Gorgeous set-up and betta! I'd love to have a tank like yours someday...I've actually been searching for a tank like that (a longer, shallow rectangular kind).


----------



## kfryman (Nov 7, 2011)

Haha, I am looking to turn my sorority high tech. I already have the T5HO light and some ferts. I am looking to do DIY CO2 first, then I am gonna buy a regulator so I have no need for an airpump. Though, I have been to lazy to do the CO2 lol.

Tank looks gorgeous! I remember you posting a picture of it once, maybe in you avatar or something, and I was amazed by the simplicity, yet it looks amazing!

What about the TOm Mini Internal filter? Or rock two Azoo Palm filters, one one each end? They are rated for 3.5 gallons. so you might even be able to get away with one, but 2 provides a bit better flow (adjustable flow too)


----------



## kfryman (Nov 7, 2011)

Jupiter said:


> Gorgeous set-up and betta! I'd love to have a tank like yours someday...I've actually been searching for a tank like that (a longer, shallow rectangular kind).


Look into the Mr Aqua 12 gallon long, it is amazing! Super low, perfect for bettas and you can divide it if you really wanted too (I don't care much for divided tanks) and each betta would have 6 gallons, but the length to swim would be a lot of swimming room for them.

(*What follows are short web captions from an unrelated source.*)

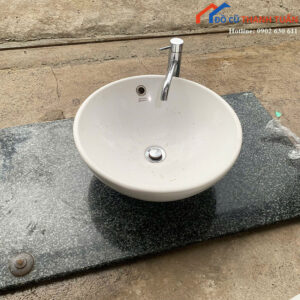 Lavabo Cũ Đặt Bàn Hình Tròn Màu Trắng Kèm Vòi Inox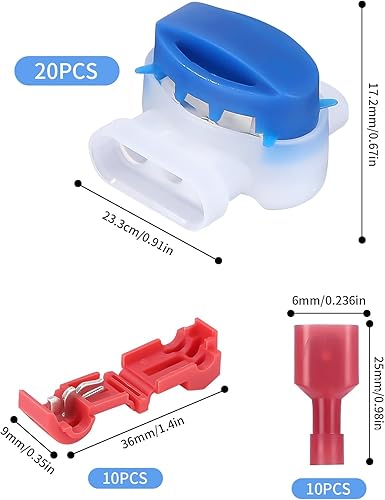 40 Pz Connettore con Gel, Connettori per Filo Perimetrale dei Robot Tagliaerba,Morsetti per Cavi Impermeabile,per Cavi Elettrici Giardino Outdoor Rasaerba Robot Tosaerba,con 10 Connettori Terminali - Honorern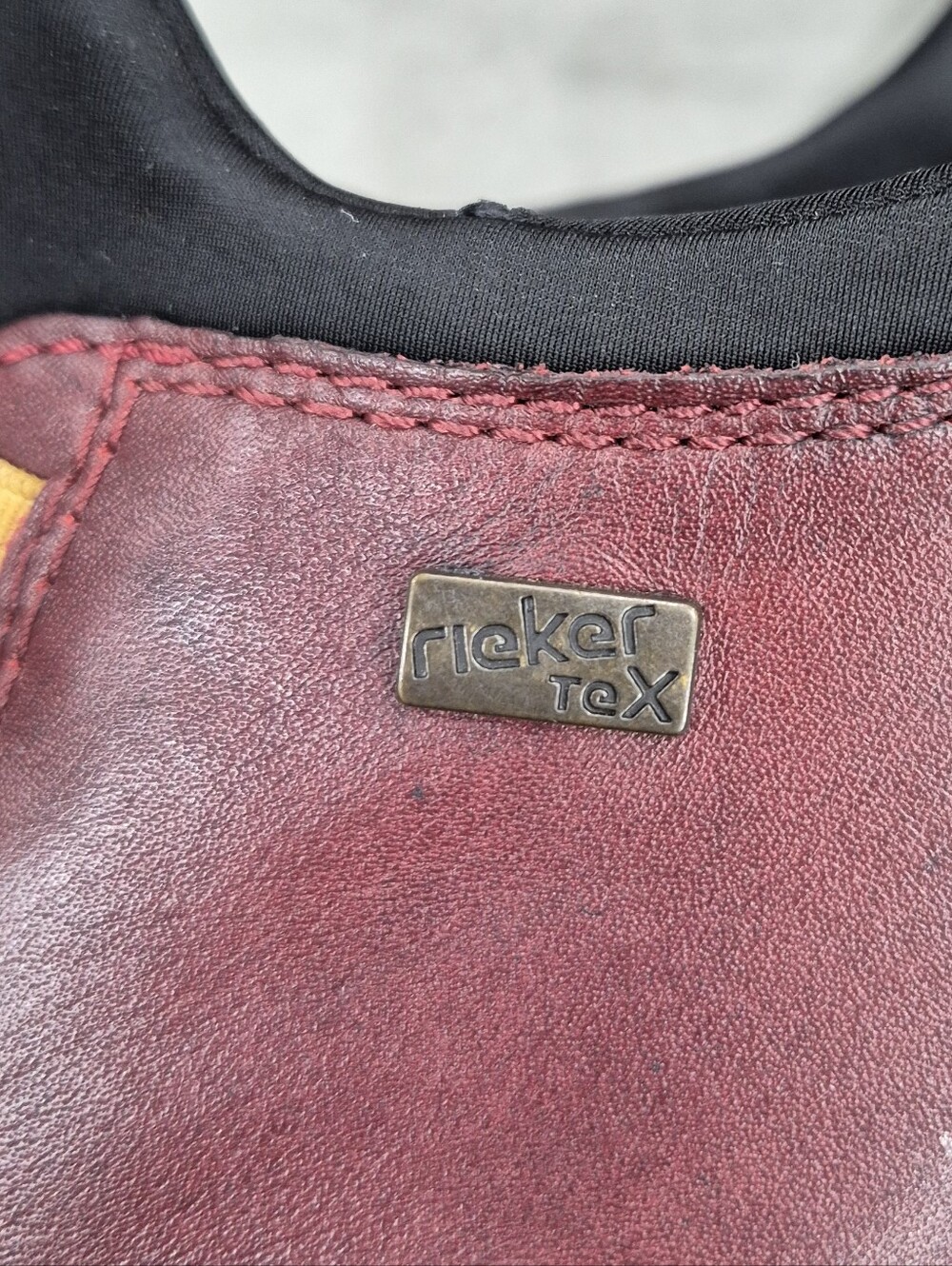 Rieker Tex Liv slip on shoes women's 10 burgundy leather colorful bungee laces - Picture 10 of 12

http://www.marinedepot.com/Mr._Aqua_Rectangle_Frameless_Glass_Aquarium_Tank_Rectangular-Azoo-AZ1119-FIAQRA-AZ1123-vi.html


----------



## Jupiter (Aug 30, 2009)

kfryman said:


> Look into the Mr Aqua 12 gallon long, it is amazing! Super low, perfect for bettas and you can divide it if you really wanted too (I don't care much for divided tanks) and each betta would have 6 gallons, but the length to swim would be a lot of swimming room for them.
> 
> http://www.marinedepot.com/Mr._Aqua_Rectangle_Frameless_Glass_Aquarium_Tank_Rectangular-Azoo-AZ1119-FIAQRA-AZ1123-vi.html


Awesome! Thanks!


----------



## kfryman (Nov 7, 2011)

Jupiter said:


> Awesome! Thanks!


Welcome! I have been eying that tank for so long, but I have no money lol.

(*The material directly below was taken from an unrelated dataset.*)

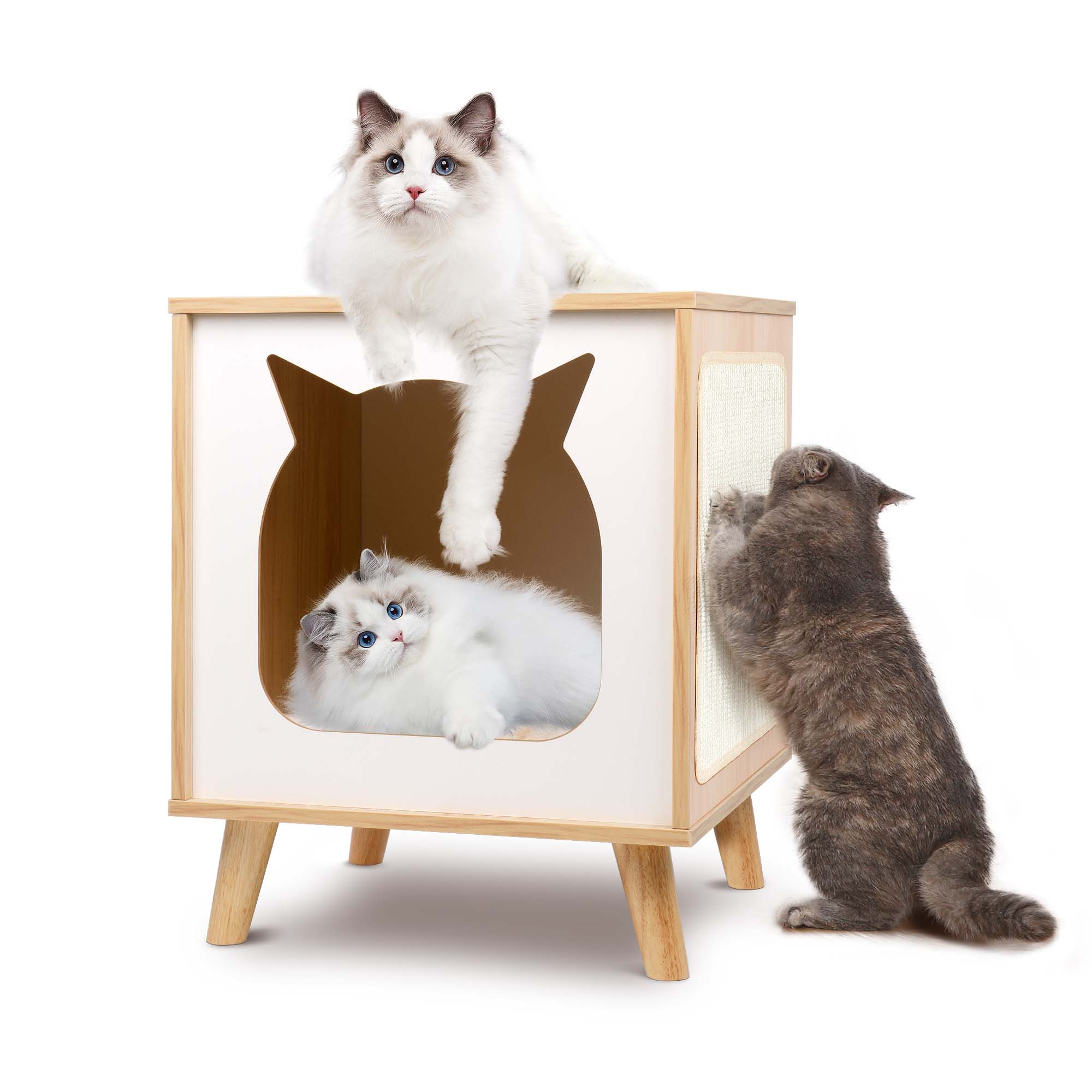 Modern Cat House TV Shaped with Nightstand Function Furniture and Cat's House with Scratch Board (Natural Wood Color)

Great set up shown here http://www.youtube.com/watch?v=WtU7JciB3lc


----------



## LittleBettaFish (Oct 2, 2010)

Yeah as soon as I get the funds and the space I am going to purchase a Mr Aqua 12 gallon and convert it into a divided set-up for my nicer males and females. I love long, low tanks as they maximise swimming space but are not usually as heavy as more traditional style aquariums.

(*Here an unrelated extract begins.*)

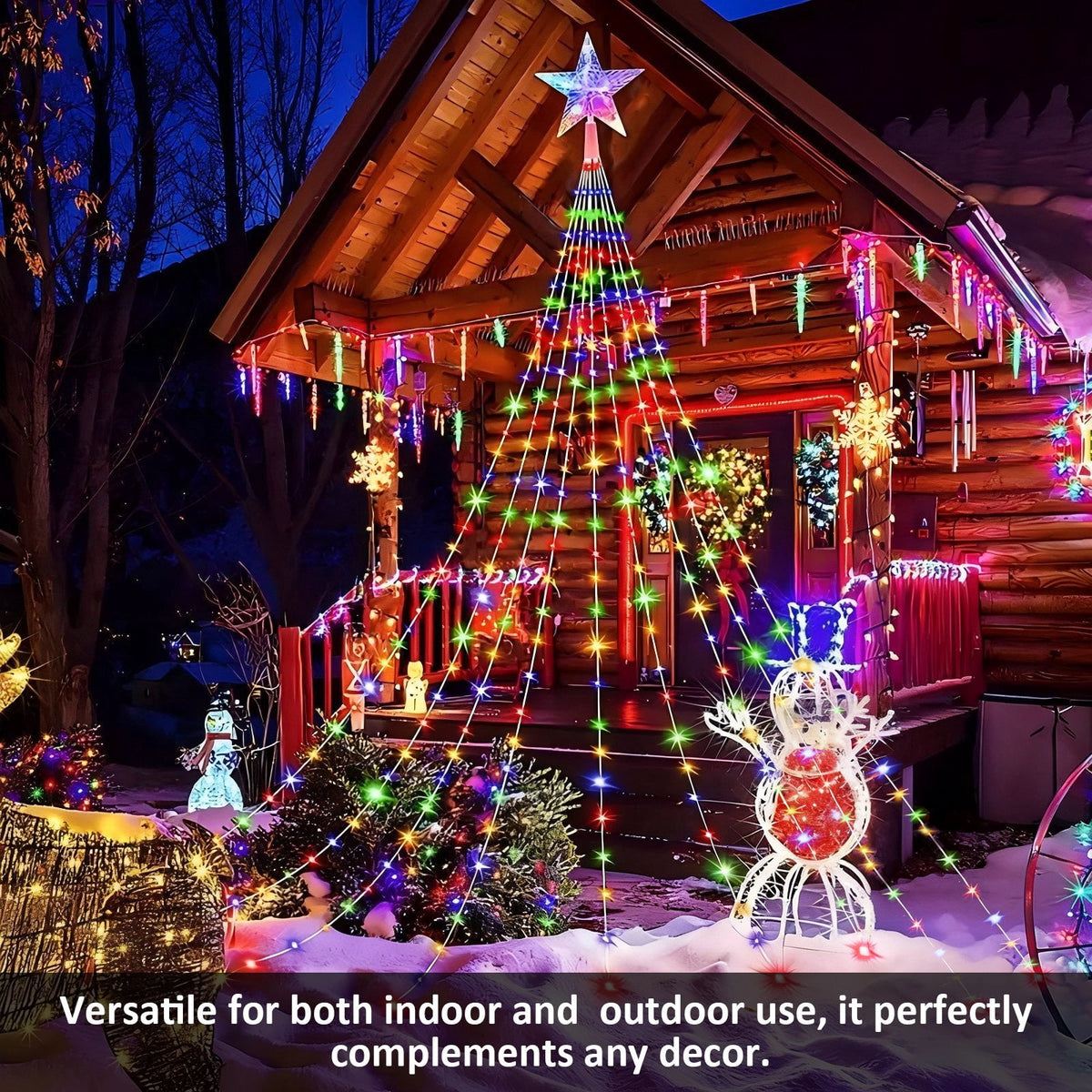 AVOXEZOR Christmas String Lights for Tree, 180 LEDs Christmas Tree Lights with 8 Modes Timer, Waterproof Fairy Lights for Christmas Tree Wall Indoor Outdoor Decor, Multicolor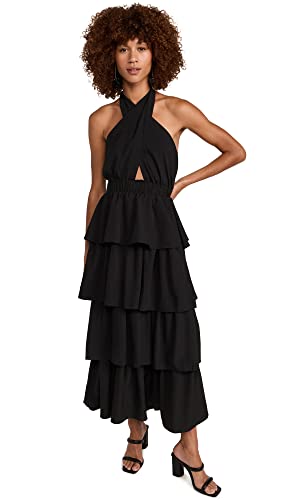endless rose Women's Crossed Halter Neck Tiered Maxi Dress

I am going to do something similar to this in my sorority. Except I am going to be using a DIY substrate recipe from another forum and adding in vallisneria and possibly hairgrass as well. I just need to find the right pieces of wood and rock. 

http://www.practicalfishkeeping.co.uk/content.php?sid=3670

I have 3 or 4 T5HO fittings lying around so I figure I might as well make use of them. Plus I want my sorority to require less maintenance and provide more cover for my females.


----------